_Action item:_
A faithful copy is needed of the lines below from the one with "When you're presenting" up to and including the one with "A study by Fabregas"; set it down with no pictures and no other lines.

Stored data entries
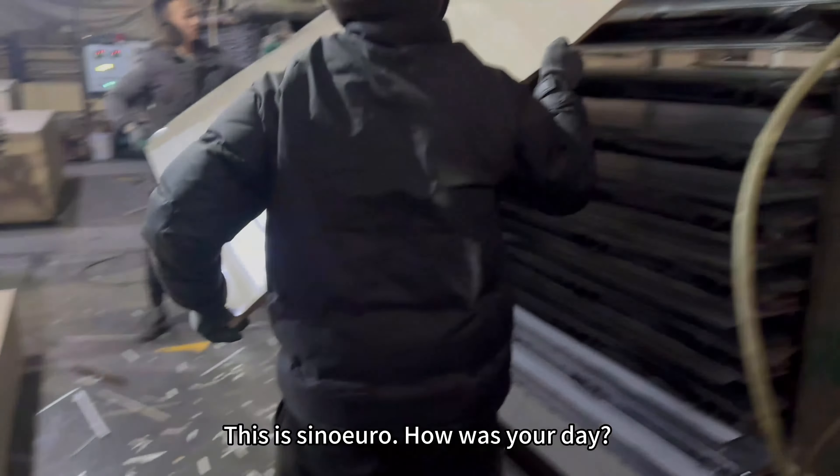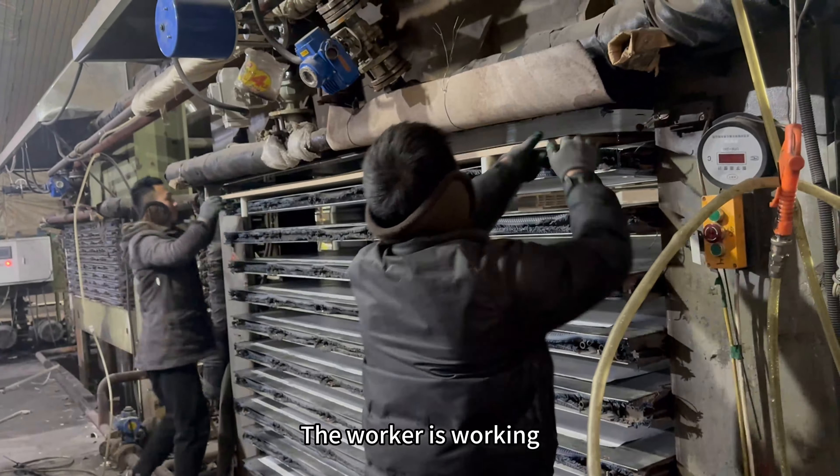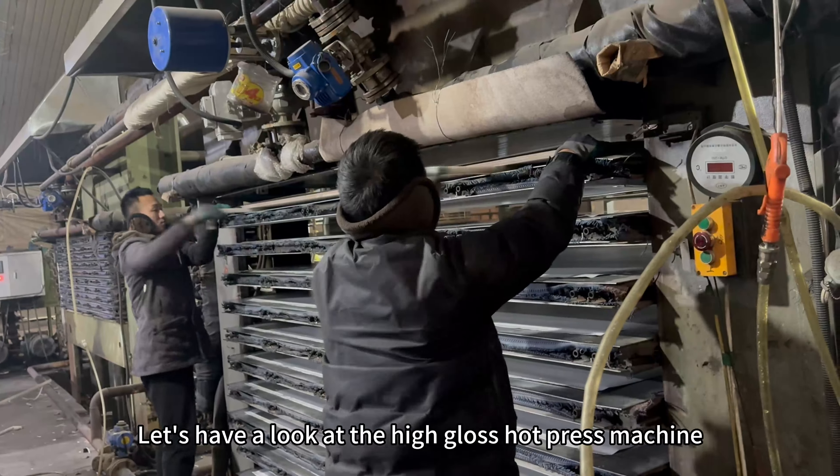This is Cineuro. The worker is working. Let's have a look at the high-gloss hot press machine.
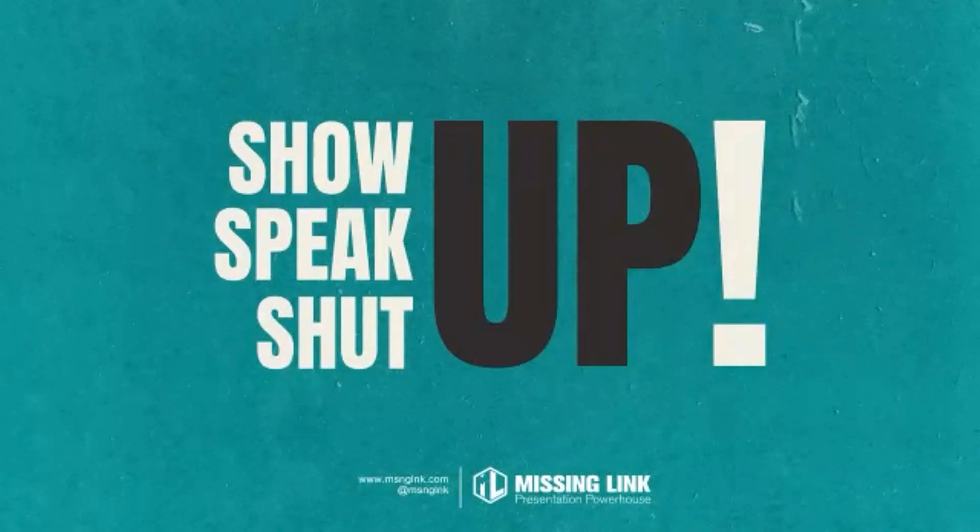When you're presenting online, you do not want to overstay your welcome. You're no longer trying to hold their attention — you're trying to interrupt their distraction. So the final parting shot: when you've said what you have to say, leave. Show up, speak up, and shut up.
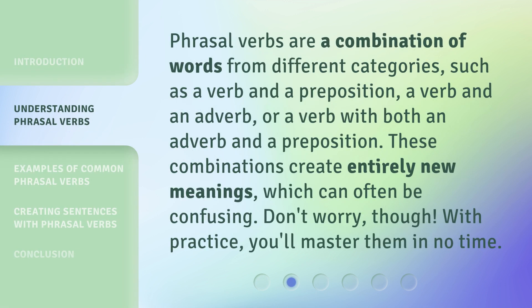We're going to dive deeper into these essential pieces of the English language, focusing on how we can practice and apply common phrasal verbs in everyday sentences. Phrasal verbs are a combination of words from different categories, such as a verb and a preposition, a verb and an adverb, or a verb with both an adverb and a preposition. These combinations create entirely new meanings, which can often be confusing. Don't worry, though — with practice, you'll master them in no time.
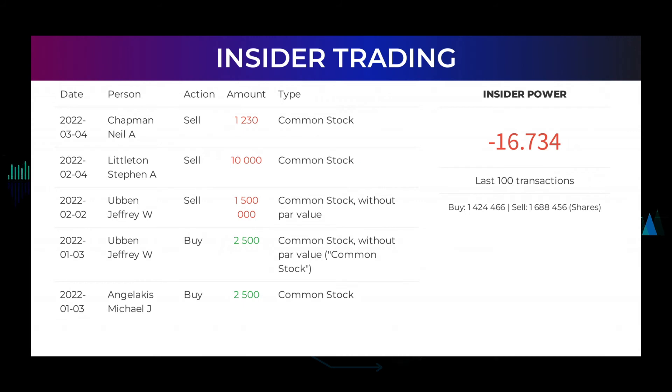The average ratings combined from several analyst sources for ExxonMobil is buy. Here are some of the latest insider trades: On March 4, 2022, Chapman Neil A. made an inside sell of $1,230 of common stock. On February 4, 2022, Littleton Stephen A. made an inside sell of $10,000 of common stock. On February 2, 2022, Ubben Jeffrey W. made an inside sell of $1,500,000 of common stock without par value. On January 3, 2022, Ubben Jeffrey W. made an inside buy of $2,500 of common stock, and Angelakis Michael J. also made an inside buy of $2,500 of common stock. Based on the 100 latest insider trades, the insider power is calculated to be negative at a ratio of minus 16.734.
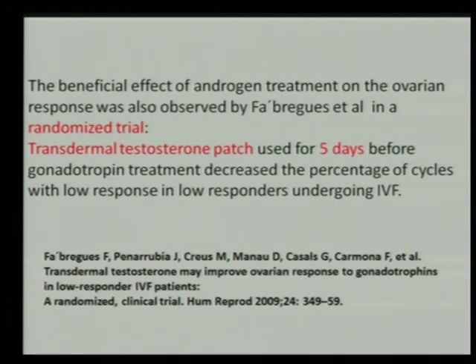A study by Fabregas used the transdermal testosterone patch for only five days before gonadotrophin treatment and showed that it decreased the percentage of cycles with low response in low responders undergoing IVF. Notably, it decreased the percentage of cycles with low response — it did not increase results overall, because whatever you do, the response remains poor.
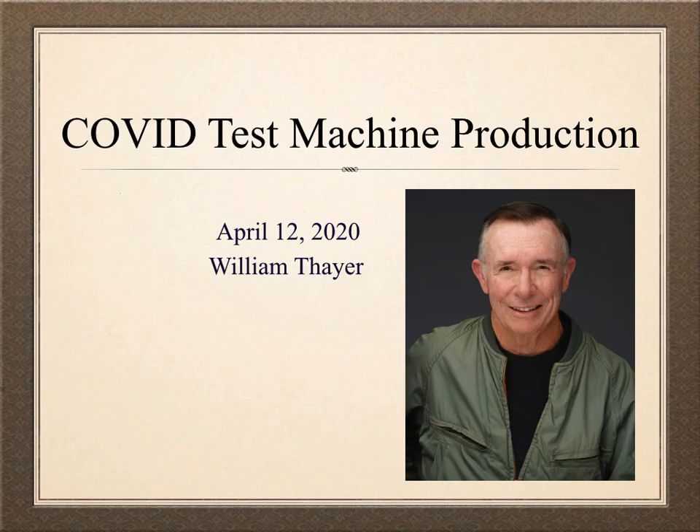Hi, my name is William Thayer, and I'm talking about the COVID crisis. In this particular video, I'm talking about how do we produce the test machines that are needed to do comprehensive testing.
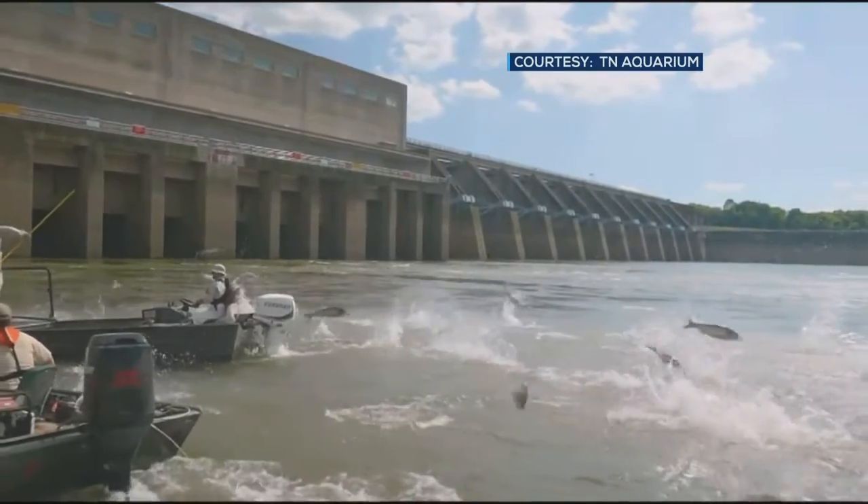It's a barrier of bubbles, sound and lights that hopefully upset the fish, scare them, and they won't go into the locks and go past the dam with the barges.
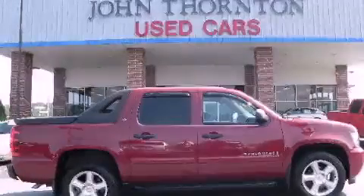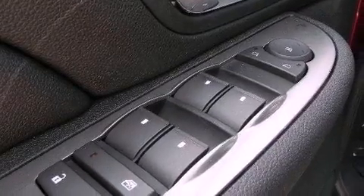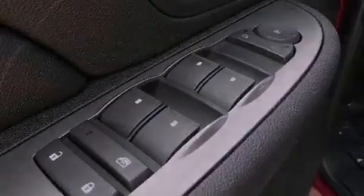This is a 2007 Chevrolet Avalanche — strong, durable, and dependable. It has a 5.3-liter, eight-cylinder engine and a four-speed automatic transmission.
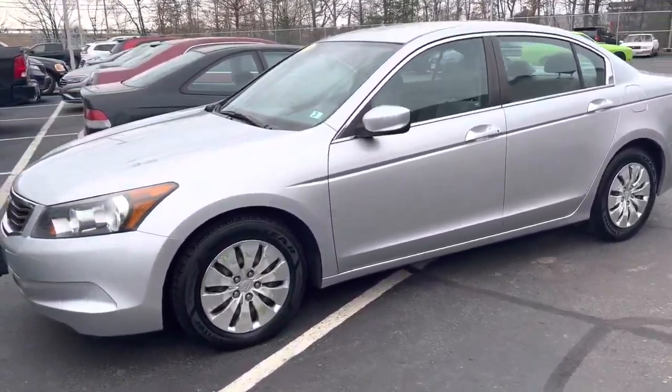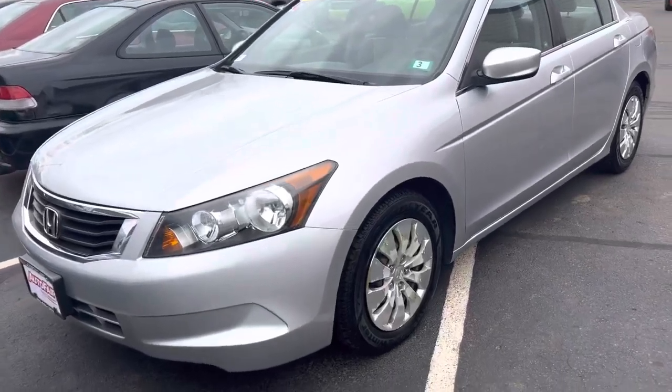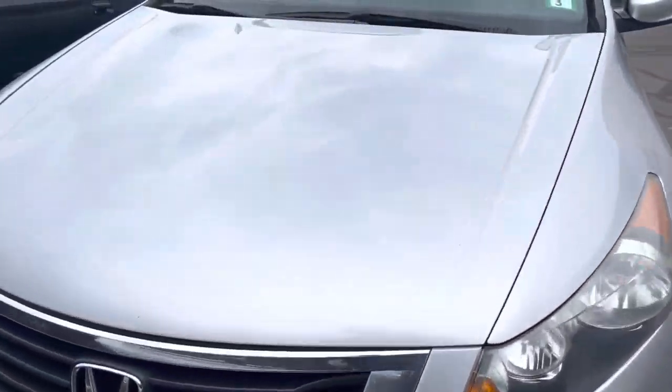Hello Neil, my name is Emin from Autofur Honda and this is the 2010 Honda Accord. We just recently took it in.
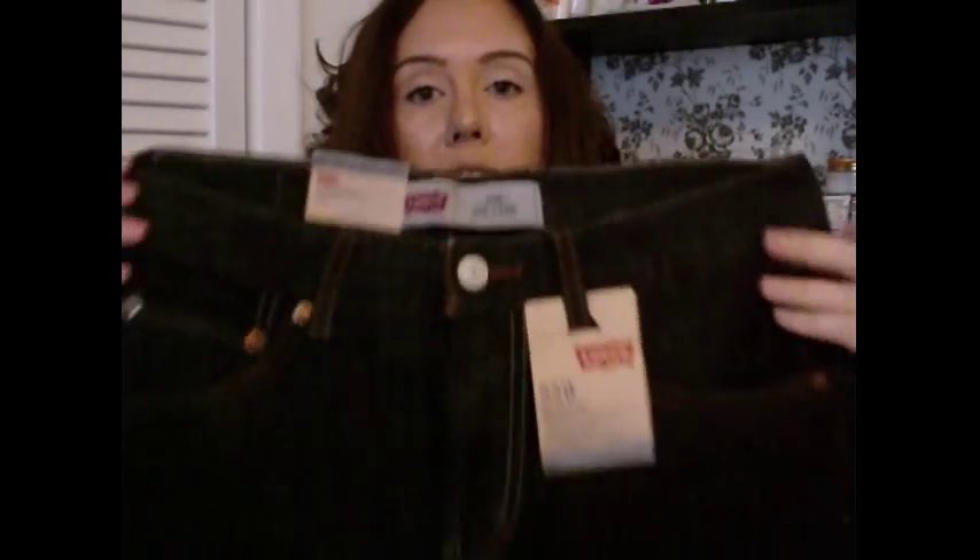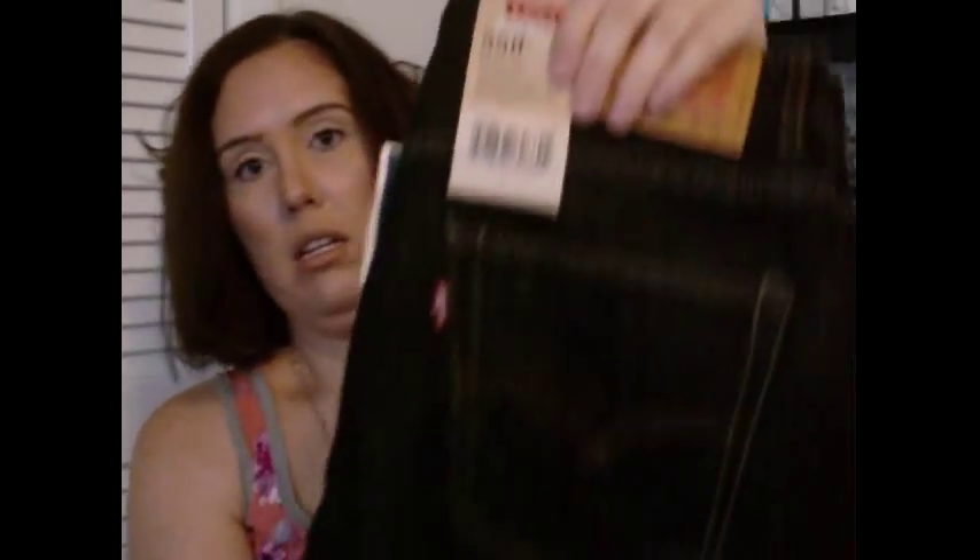Then we got him two more pairs of jeans. These are black denim Levi's — regular $24 and Marshall's price is $16.99. That's the back, the front, and the bottom. Then we got these very dark blue denim — also Levi's and the same price. There's the front on those.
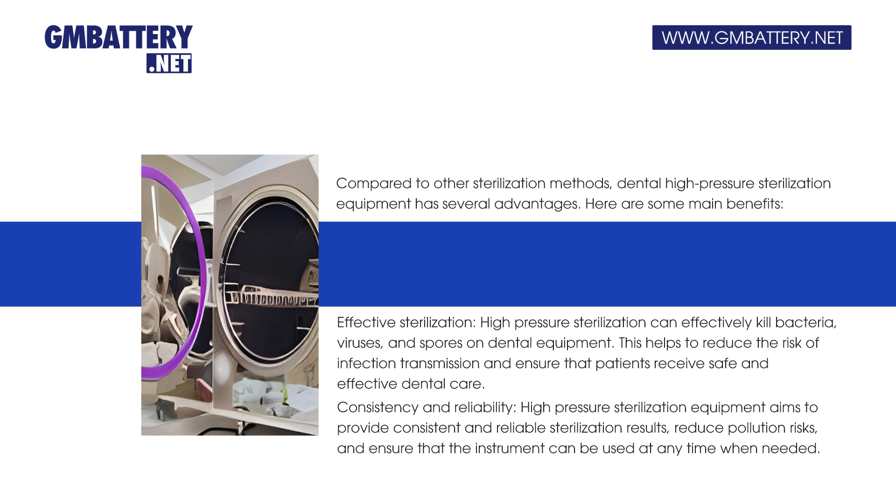Consistency and reliability: high-pressure sterilization equipment aims to provide consistent and reliable sterilization results, reduce pollution risks, and ensure that the instrument can be used at any time when needed.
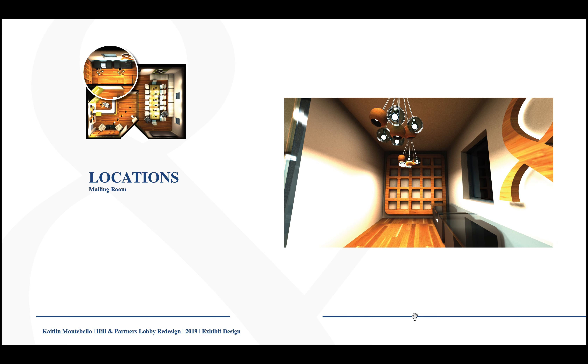Over here is my mail room. I decided to make a cool mailbox situation with a bunch of mail slots where you can put name plates on them. And over here I integrated the logo again, and here's where all the work in the mail room would be done.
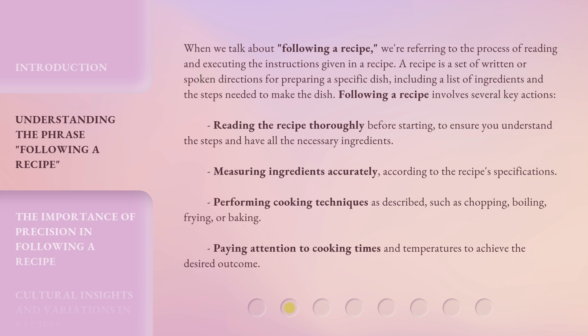Following a recipe involves several key actions: reading the recipe thoroughly before starting, to ensure you understand the steps and have all the necessary ingredients; measuring ingredients accurately according to the recipe's specifications; performing cooking techniques as described, such as chopping, boiling, frying, or baking; and paying attention to cooking times and temperatures to achieve the desired outcome.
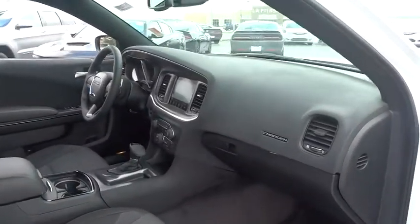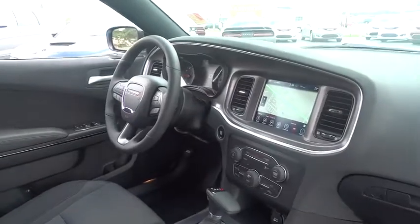This vehicle has less than 100 miles. Here are some of this vehicle's great options.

_Answer for the task:_
When you're presenting online, you do not want to overstay your welcome. You're no longer trying to hold their attention — you're trying to interrupt their distraction. So the final parting shot: when you've said what you have to say, leave. Show up, speak up, and shut up.
We're going to dive deeper into these essential pieces of the English language, focusing on how we can practice and apply common phrasal verbs in everyday sentences. Phrasal verbs are a combination of words from different categories, such as a verb and a preposition, a verb and an adverb, or a verb with both an adverb and a preposition. These combinations create entirely new meanings, which can often be confusing. Don't worry, though — with practice, you'll master them in no time.
The average ratings combined from several analyst sources for ExxonMobil is buy. Here are some of the latest insider trades: On March 4, 2022, Chapman Neil A. made an inside sell of $1,230 of common stock. On February 4, 2022, Littleton Stephen A. made an inside sell of $10,000 of common stock. On February 2, 2022, Ubben Jeffrey W. made an inside sell of $1,500,000 of common stock without par value. On January 3, 2022, Ubben Jeffrey W. made an inside buy of $2,500 of common stock, and Angelakis Michael J. also made an inside buy of $2,500 of common stock. Based on the 100 latest insider trades, the insider power is calculated to be negative at a ratio of minus 16.734.
A study by Fabregas used the transdermal testosterone patch for only five days before gonadotrophin treatment and showed that it decreased the percentage of cycles with low response in low responders undergoing IVF. Notably, it decreased the percentage of cycles with low response — it did not increase results overall, because whatever you do, the response remains poor.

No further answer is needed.